Let's take an example of a very simple stock option agreement and then define the basic terminology involved in the agreement. Say, for example, you want to buy the right to purchase 100 shares of XYZ123 stock sometime before the end of May, for $65 each. This is called a "call option". You have reason to believe that the stock which is currently valued at $60 may go significantly higher within the next two or three months. So by paying a relatively small "premium" you lock in the price you are prepared to pay for the stock by purchasing a contract that guarantees for a limited time period you will be able to buy the stock for that price.
Say the price goes to $75 sometime in early May. You can then exercise your option to buy at the agreed upon price of $65. If the price does not go up enough you can just let your contract run out without exercising the option to buy. In that case you have just paid the "premium". This is not a completely insignificant amount, but not an amount that hurts as much as actually buying stock that does not perform as you hoped it would.
In order to even begin trading stock options you have to know some of the jargon used by options traders. First, it is important to understand that stock options are normally purchased for blocks of 100 shares. Second, the two most common types of options are the "call" option and the "put" option. In the case of the first (the "call" option) you are purchasing the right to buy stock at a specific price, and in the case of the second (the "put" option) you are purchasing the right to sell stock at a specific price.
A "call" option sets a time frame within which the buyer has the right to buy the underlying stock for a set price. A typical scenario in which an investor would buy a "call" option is the one described above: where you pay a premium to lock in a buying price on a stock which you think has a good chance of going above that buying price.
A "put" option sets a time frame within which the purchaser of the option can sell the underlying stock for a set price. A typical scenario where an investor would buy a "put" option is where that person is prepared to pay a premium to lock in a selling price. Often this is used as a hedging strategy to protect against having to hold a stock if it falls in value below a certain level.
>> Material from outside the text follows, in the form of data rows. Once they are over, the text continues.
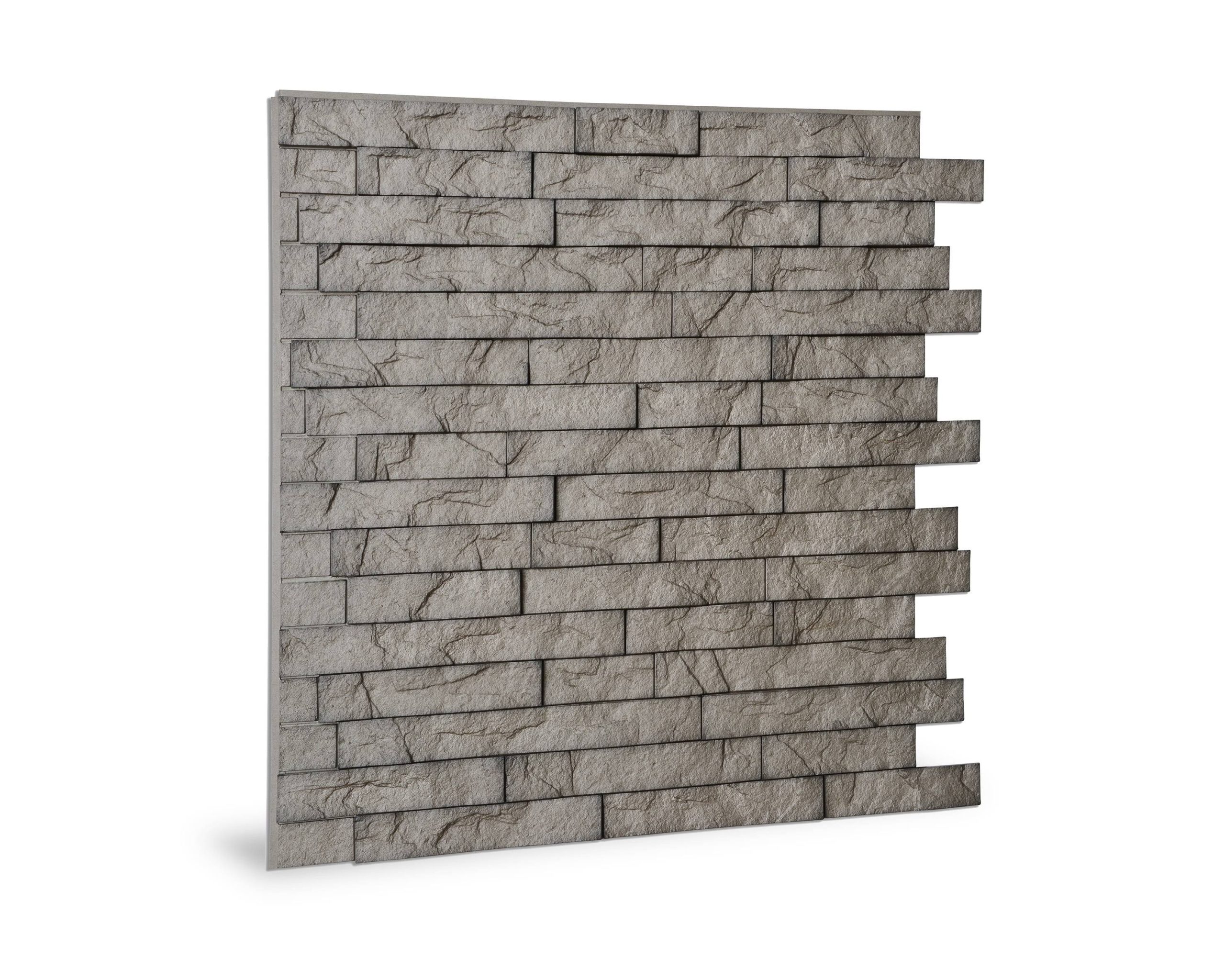 83222f0b749140aa99394bcd553e43edc85f377faa9d95269278a4ba9e746408.jpg Ledge Stone 24" W x 24" L PVC Wall Paneling in Portland Cement Innovera Decor by Palram - Image 1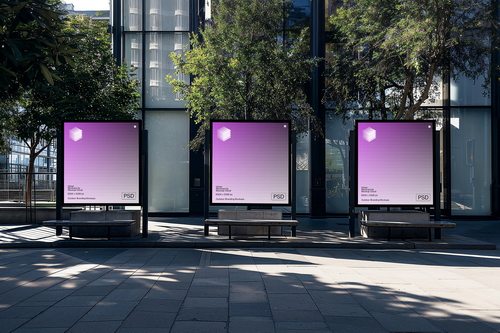 Signboard Advertising Mockup Scene 12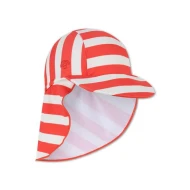 Plavecký klobouček s ochranou krku s UPF 50+ Coastal Stripe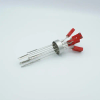 Thermocouple Feedthrough, Type C, 5 Pairs, Miniature Connectors, 1.50″ Dia Stainless Steel Weld Adapter - A0656-3-W - MPF Products, INC.
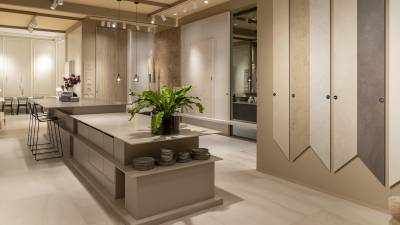 $!El estand de Colorker en Cersaie 2025.
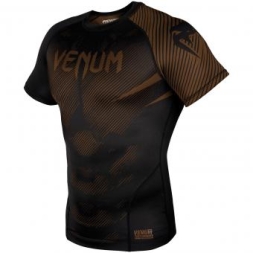 Рашгард Venum NoGi 2.0 Black/Brown S/S, фото 2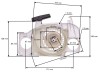 Demaror drujba compatibil Stihl 170 2-MIX, 180 2-MIX, Taiwan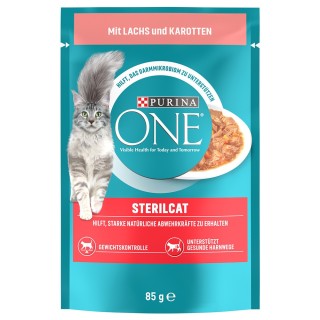PURINA ONE SterilCat - Lachs & Karotte (13 x 85 g)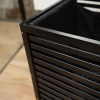 Dwukomorowy kosz na pranie BAMBOO BLACK 60x40x60cm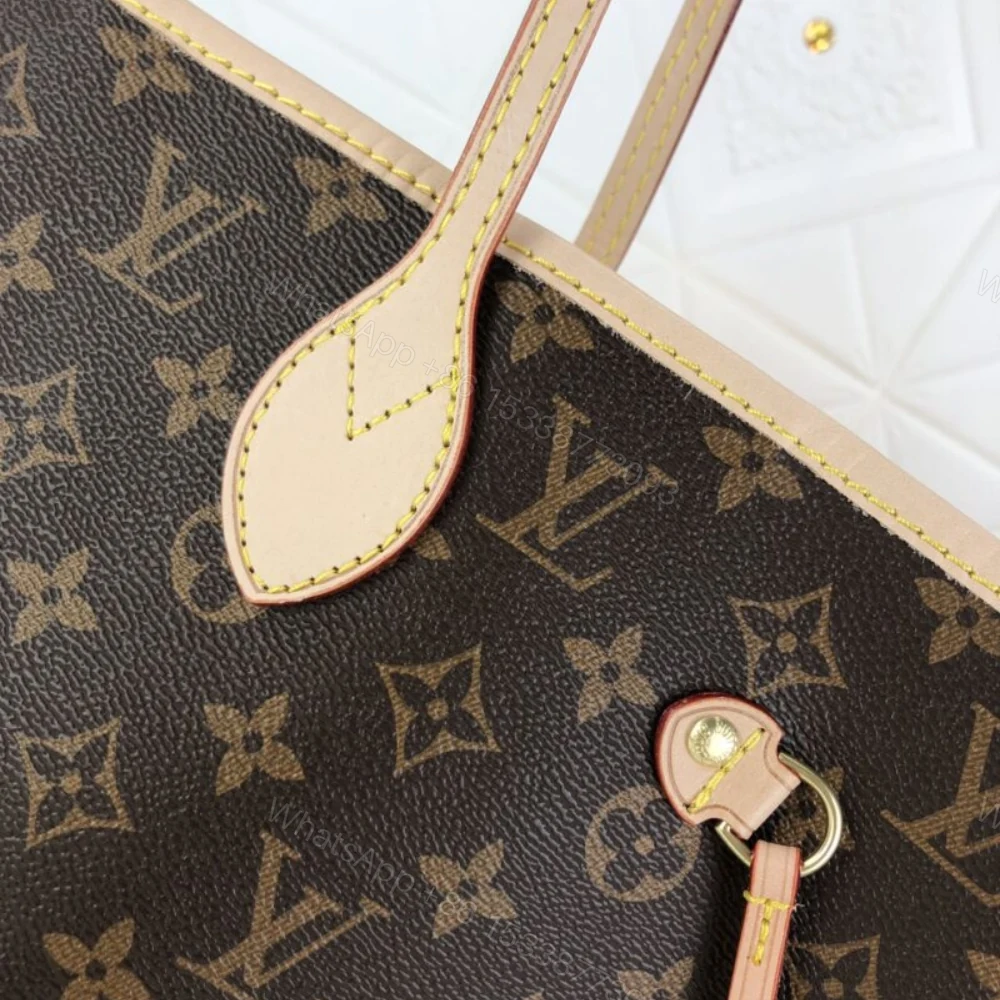 View 7 of Louis Vuitton Neverfull Pivoine GM Pink 40Cm M41180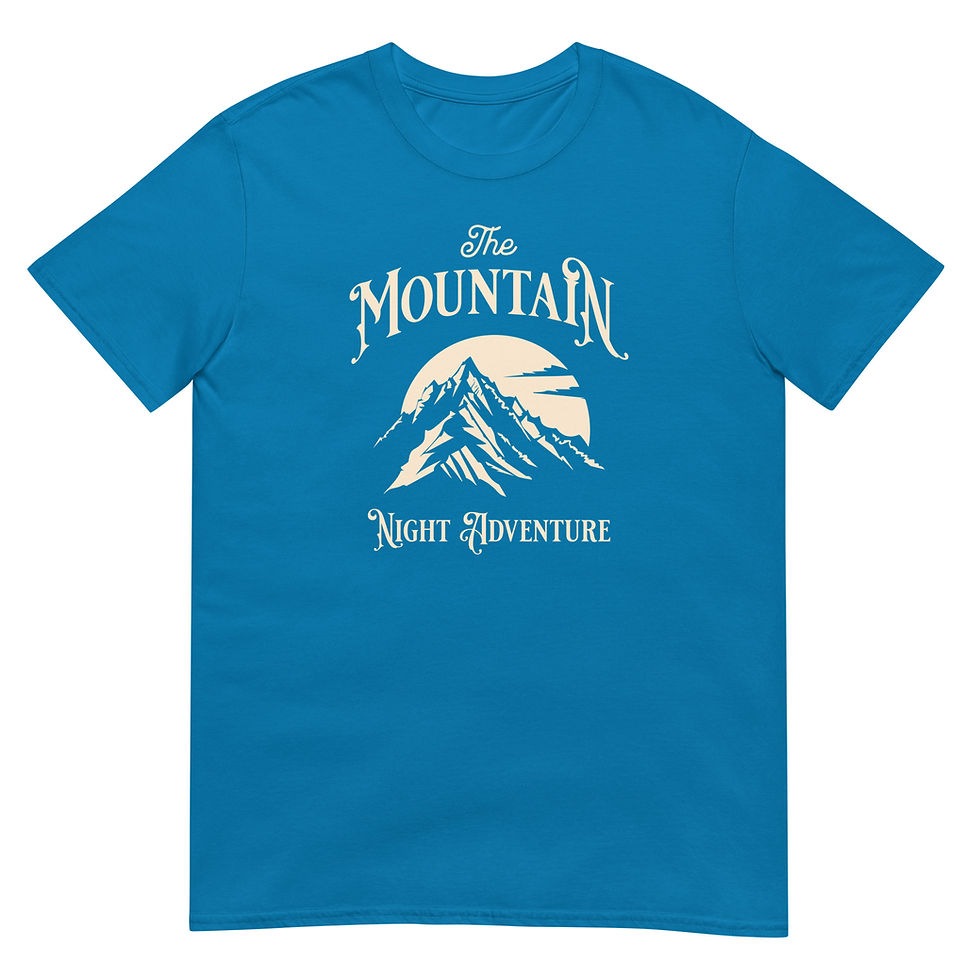 Thumbnail: Purchase online Mountain Night Adventure Nature T-Shirt. Adventure-ready, comfortable, and perfect for any nature enthusiast.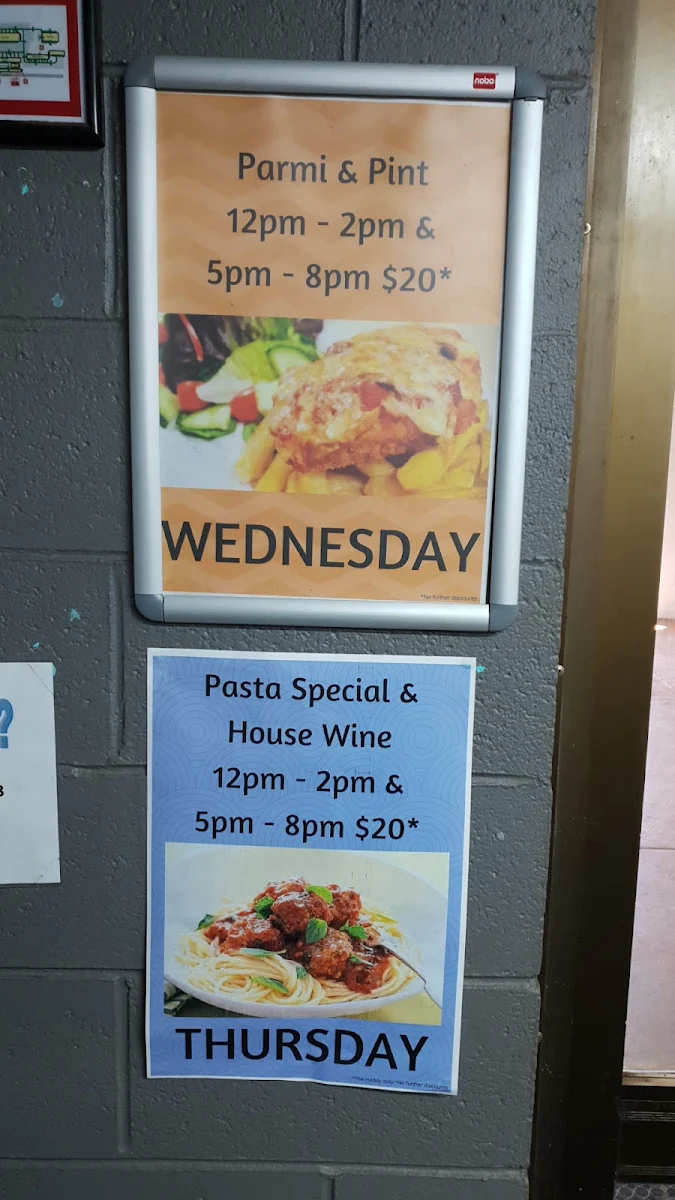 Menu, The Hedland Hotel Restaurant and Bar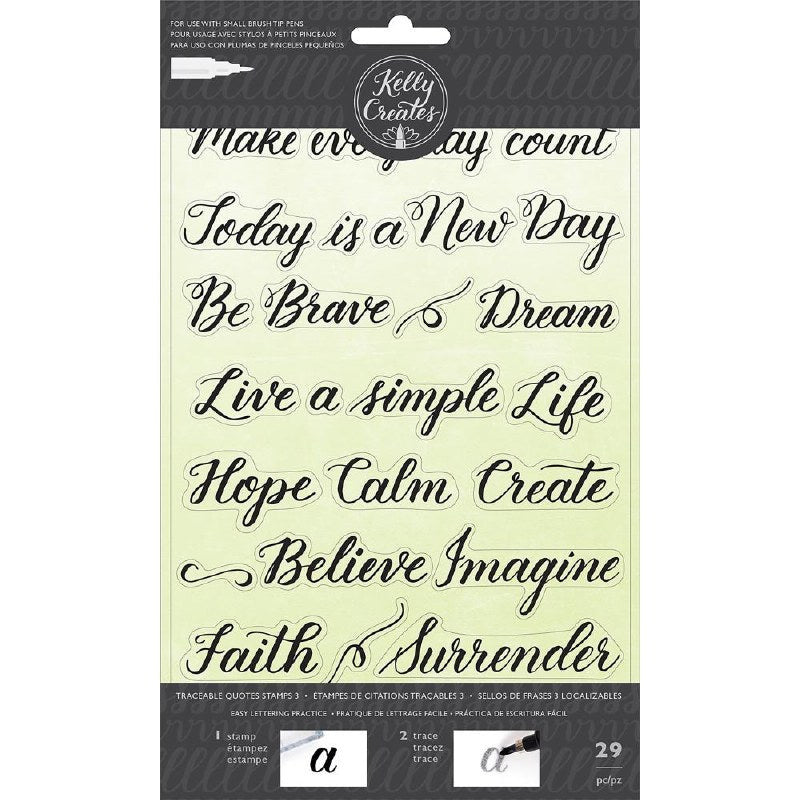 STAMP TRACEABLE QUOTES 29 PCS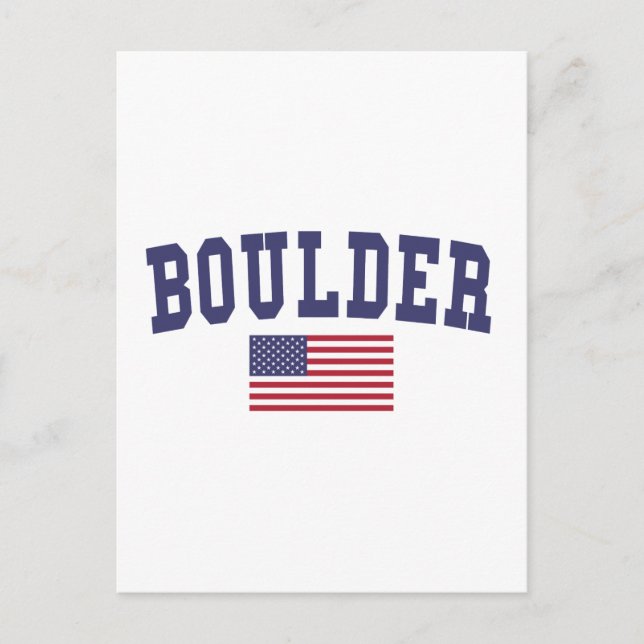 Boulder US-Flagge Postkarte (Vorderseite)
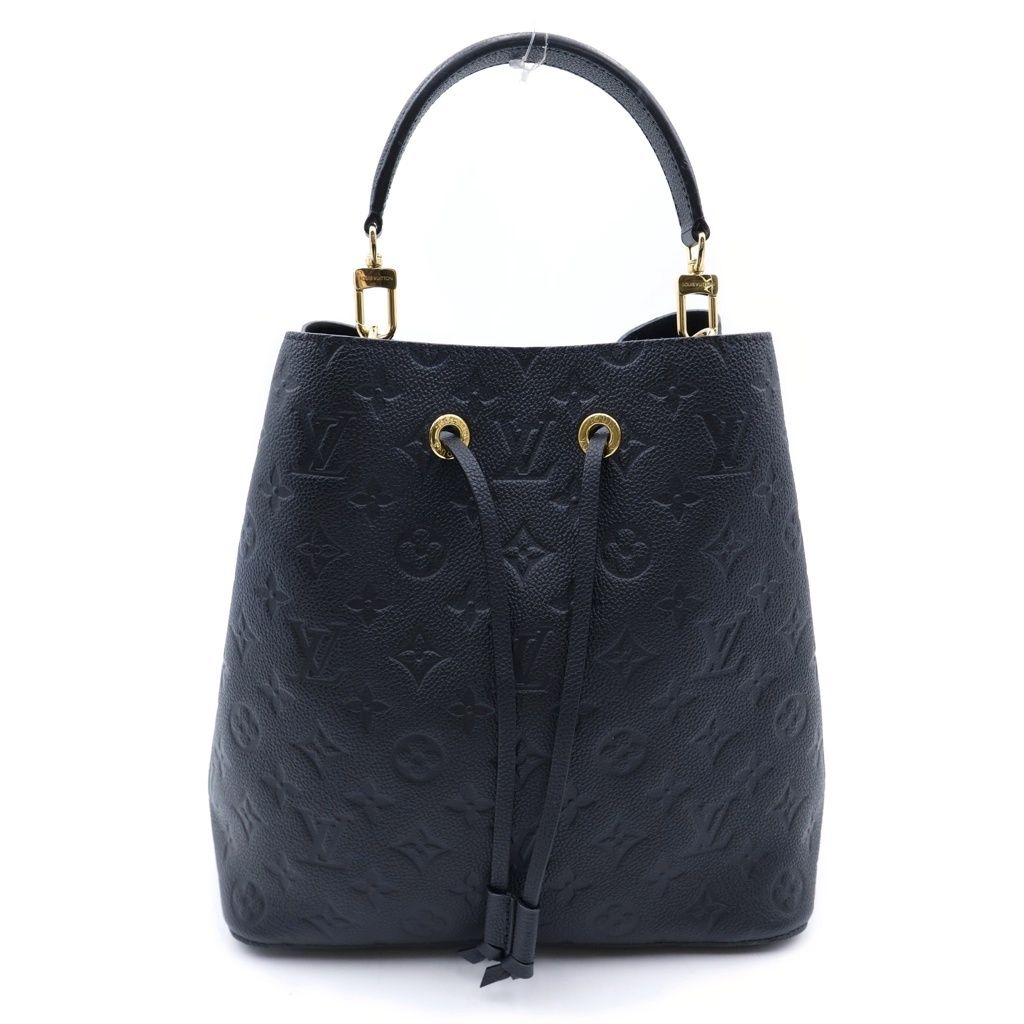 Louis Vuitton Empreinte Neo Noe Shoulder Bag Drawstring Black Noir Leather Gold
The selling price set by the option contract in either case (call or put option) is called the "strike price". So, for example, if your contract says you have the right to buy a stock at $65 any time before the end of May, the strike price is $65. In that case the "expiration date" of the contract is normally the third Friday of the month - in this case, the third Friday in May.
A call option is said to be "in the money" when the strike price set in the contract is below the current market price of the underlying stock. So for example, if the strike price of a call option is $65 and the current market price is $75, then that option is said to be "in the money" because exercising it would result in a profit.
In the case of a put option it is said to be "in the money" when the strike price is above the current market price. In other words, the option lets you sell the stock for more than it is currently trading for.
A call option is said to be "out of the money" when the strike price is higher than the current market price. For a put option it is said to be "out of the money" when the strike price is lower than the market. When an option contract - either a call or a put - is "out of the money" the investor holding the option will typically not exercise it, because to do so would cost money.
These are just some of the basic concepts and terminology used when trading options online. As an options trader becomes more experienced and sophisticated these basic concepts lead to the development of much more complex investing strategies than the ones discussed here.